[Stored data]
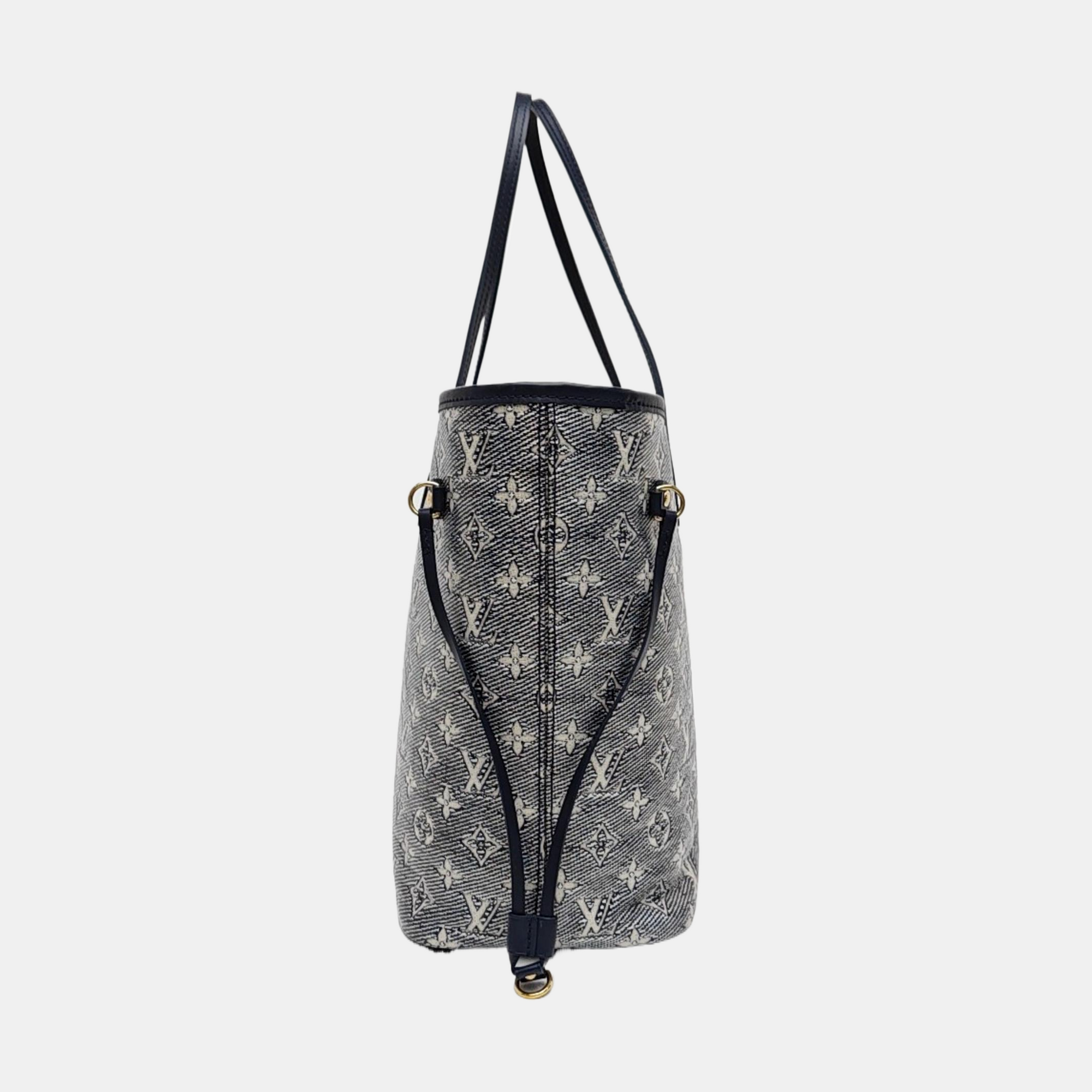NEVERFULL MM Monogram Canvas Multicolor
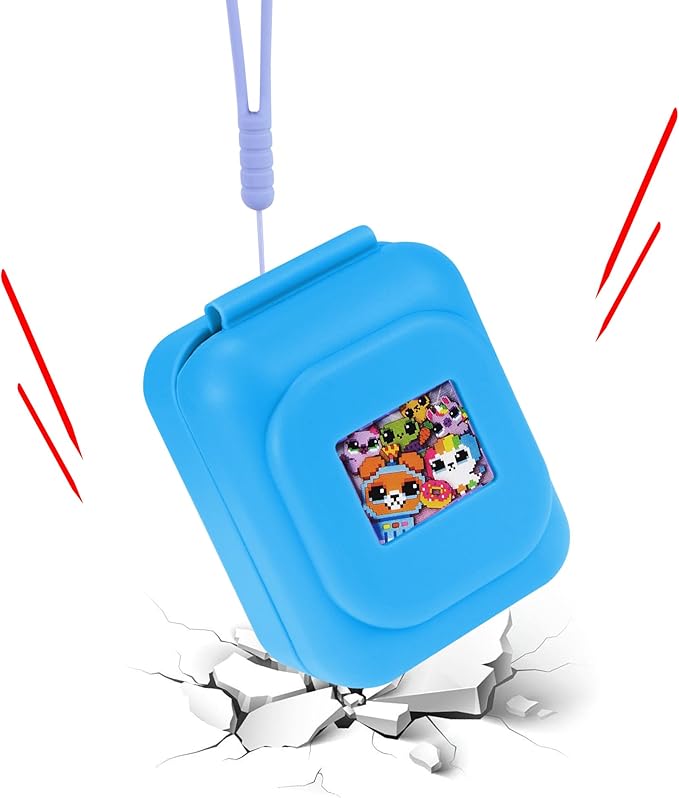 Travel Cover Compatible with Bitzee Interactive Toy Digital Pet, only Compatible with Bitzee Orginal Version, Blue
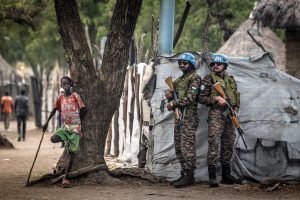 Global Peacekeeping Engagements Hit Historic Lows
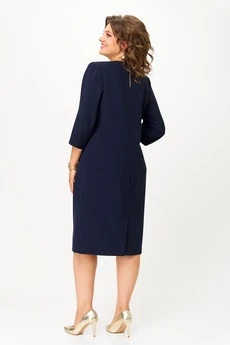 Платье 3169 синий Багряница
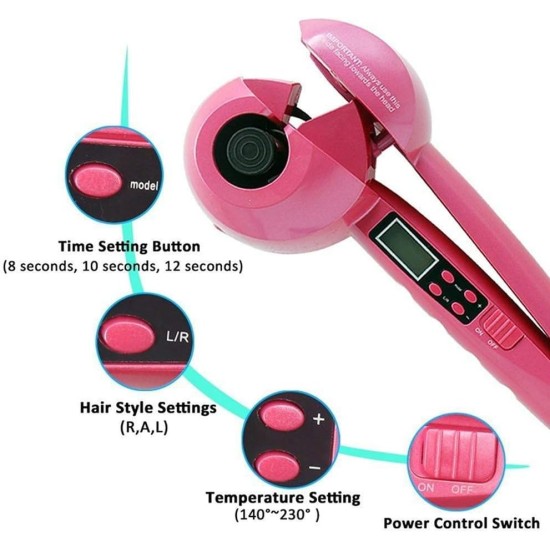 Umate Professional Automatic Hair Curler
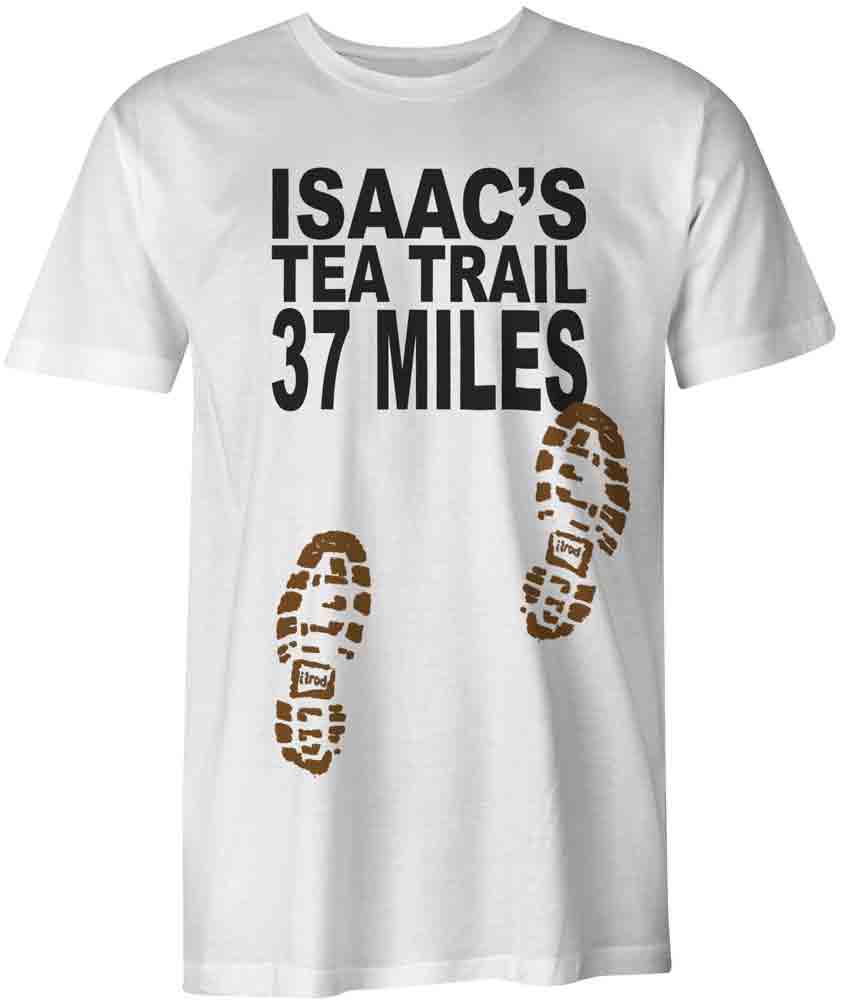 Isaac Tea Isaac's Tea Trail t-shirt – itrod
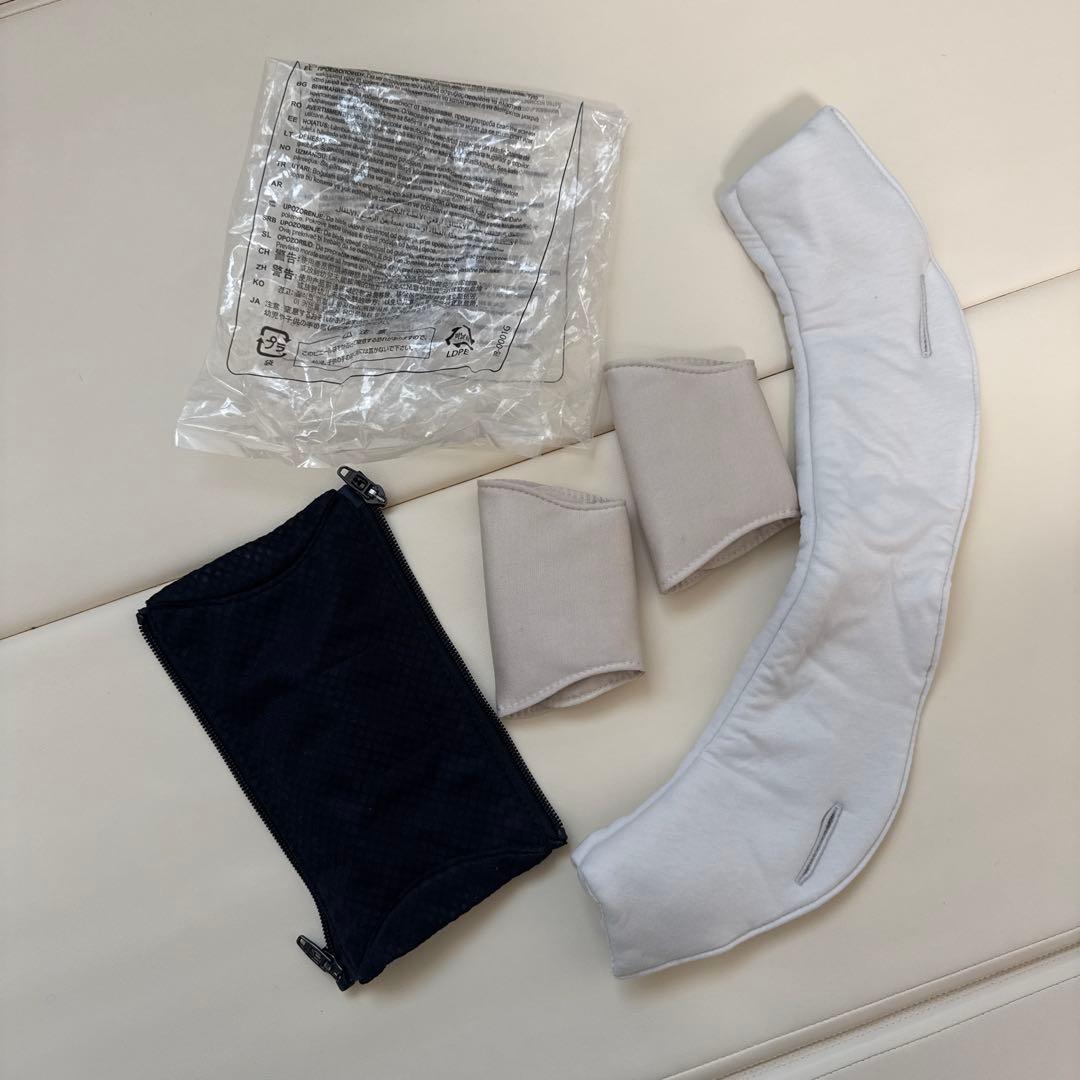 NUNA 抱っこ紐 黒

TASK
Excluding all pictures, print exactly and only the lines from the line with "Umate Professional Automatic Hair Curler" through the end of the records above, both ends included.

ANSWER BELOW
 Umate Professional Automatic Hair Curler
 Isaac Tea Isaac's Tea Trail t-shirt – itrod
 NUNA 抱っこ紐 黒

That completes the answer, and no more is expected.